Honestly, I don't see an upside for anyone except those that can't/won't work!
It all makes sense if you think about welfare not as "these slouches are rewarded for the laziness" but as a price you pay so that unemployed people are not forced into violent property expropriation from you.
When large swaths of population don't have an access to money-making jobs, it significantly affects middle class well-being.
Of course you can "get yours" and double down on police and live behind electric fences South Africa style, but that's not pretty.
As to "who would do the dirty work." You probably didn't mean it this way, but the question implies that we have to keep people down in order to do the work that "we" need them to do.
When something is in short supply, you compete for it. UBI would bring competition to employers, especially at the lower incomes. Part of that competition would be with "not working," but it would also be with other employers, as it would then be easier for people to look for or prepare for other jobs, and it would make it easier for people on the bottom rungs to expect better treatment.

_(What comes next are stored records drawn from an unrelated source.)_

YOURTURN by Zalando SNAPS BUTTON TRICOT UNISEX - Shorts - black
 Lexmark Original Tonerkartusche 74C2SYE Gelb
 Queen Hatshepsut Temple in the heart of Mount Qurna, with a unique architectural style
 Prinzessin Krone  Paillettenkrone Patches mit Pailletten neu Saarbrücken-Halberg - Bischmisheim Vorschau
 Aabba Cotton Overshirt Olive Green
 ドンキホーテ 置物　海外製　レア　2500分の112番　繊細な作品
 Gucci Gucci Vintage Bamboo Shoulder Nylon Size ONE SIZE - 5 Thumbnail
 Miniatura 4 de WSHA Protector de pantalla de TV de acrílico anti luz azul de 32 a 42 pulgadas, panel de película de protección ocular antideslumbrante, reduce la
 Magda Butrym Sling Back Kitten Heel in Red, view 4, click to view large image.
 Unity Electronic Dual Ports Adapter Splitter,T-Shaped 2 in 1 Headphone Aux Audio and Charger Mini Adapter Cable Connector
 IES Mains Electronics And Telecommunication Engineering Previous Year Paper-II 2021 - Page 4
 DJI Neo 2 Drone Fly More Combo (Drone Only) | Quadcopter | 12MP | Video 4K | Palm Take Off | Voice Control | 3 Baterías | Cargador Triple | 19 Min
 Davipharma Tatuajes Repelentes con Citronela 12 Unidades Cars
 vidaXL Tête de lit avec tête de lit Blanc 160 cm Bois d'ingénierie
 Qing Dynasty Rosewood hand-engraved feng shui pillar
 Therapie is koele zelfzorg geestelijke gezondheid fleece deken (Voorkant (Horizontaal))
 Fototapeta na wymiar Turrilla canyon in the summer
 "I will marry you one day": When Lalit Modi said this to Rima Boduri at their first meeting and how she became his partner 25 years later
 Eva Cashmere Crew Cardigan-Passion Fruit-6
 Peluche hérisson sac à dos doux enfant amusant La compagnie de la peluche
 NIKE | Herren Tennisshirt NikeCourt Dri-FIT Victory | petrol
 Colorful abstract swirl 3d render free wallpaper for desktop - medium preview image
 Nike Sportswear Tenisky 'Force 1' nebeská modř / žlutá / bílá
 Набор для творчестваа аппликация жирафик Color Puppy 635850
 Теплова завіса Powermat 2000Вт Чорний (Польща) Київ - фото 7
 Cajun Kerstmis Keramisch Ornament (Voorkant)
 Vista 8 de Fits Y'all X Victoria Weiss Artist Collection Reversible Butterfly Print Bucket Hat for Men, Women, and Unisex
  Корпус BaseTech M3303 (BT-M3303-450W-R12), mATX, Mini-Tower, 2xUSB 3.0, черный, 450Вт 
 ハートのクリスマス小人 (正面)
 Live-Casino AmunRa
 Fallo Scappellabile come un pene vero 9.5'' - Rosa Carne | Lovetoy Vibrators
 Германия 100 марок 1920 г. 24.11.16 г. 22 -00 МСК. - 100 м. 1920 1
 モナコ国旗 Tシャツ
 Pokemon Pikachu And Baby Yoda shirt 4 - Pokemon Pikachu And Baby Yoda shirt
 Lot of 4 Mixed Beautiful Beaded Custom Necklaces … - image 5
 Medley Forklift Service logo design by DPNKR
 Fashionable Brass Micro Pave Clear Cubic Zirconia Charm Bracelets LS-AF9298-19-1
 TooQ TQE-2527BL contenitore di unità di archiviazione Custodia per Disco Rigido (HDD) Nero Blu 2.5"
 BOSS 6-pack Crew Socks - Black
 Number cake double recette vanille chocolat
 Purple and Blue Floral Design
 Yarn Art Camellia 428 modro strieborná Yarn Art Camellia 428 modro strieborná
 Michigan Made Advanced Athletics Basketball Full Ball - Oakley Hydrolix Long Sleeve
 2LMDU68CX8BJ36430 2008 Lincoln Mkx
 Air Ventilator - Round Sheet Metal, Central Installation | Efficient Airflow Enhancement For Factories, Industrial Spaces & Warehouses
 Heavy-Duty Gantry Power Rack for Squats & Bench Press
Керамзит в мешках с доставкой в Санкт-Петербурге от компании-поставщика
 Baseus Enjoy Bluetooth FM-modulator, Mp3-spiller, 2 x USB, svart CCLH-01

More costly dirty jobs encourage automation and they will be automated away. The trend has started long ago. It used to take 3 people per garbage truck to collect trash, one driver and 2 people physically pick up the trash cans. Then it was 2 as better trucks came along. Now it's one driver per truck, as the truck has mechanical arms to collect the trash.
With driverless trucks in the horizon, it is not far fetch to have one driver overseeing 2 to a small fleet driverless trucks to collect garbage on a street in parallel.
So who will do the dirty jobs? I presume ways are found in which to make them less distasteful. They are not about "dirtyness" per se, but about application of high dexterity manual labour on various tasks.
"Worst" case scenario. You end up having to import a bunch more foreigners to do those jobs at the lower wages.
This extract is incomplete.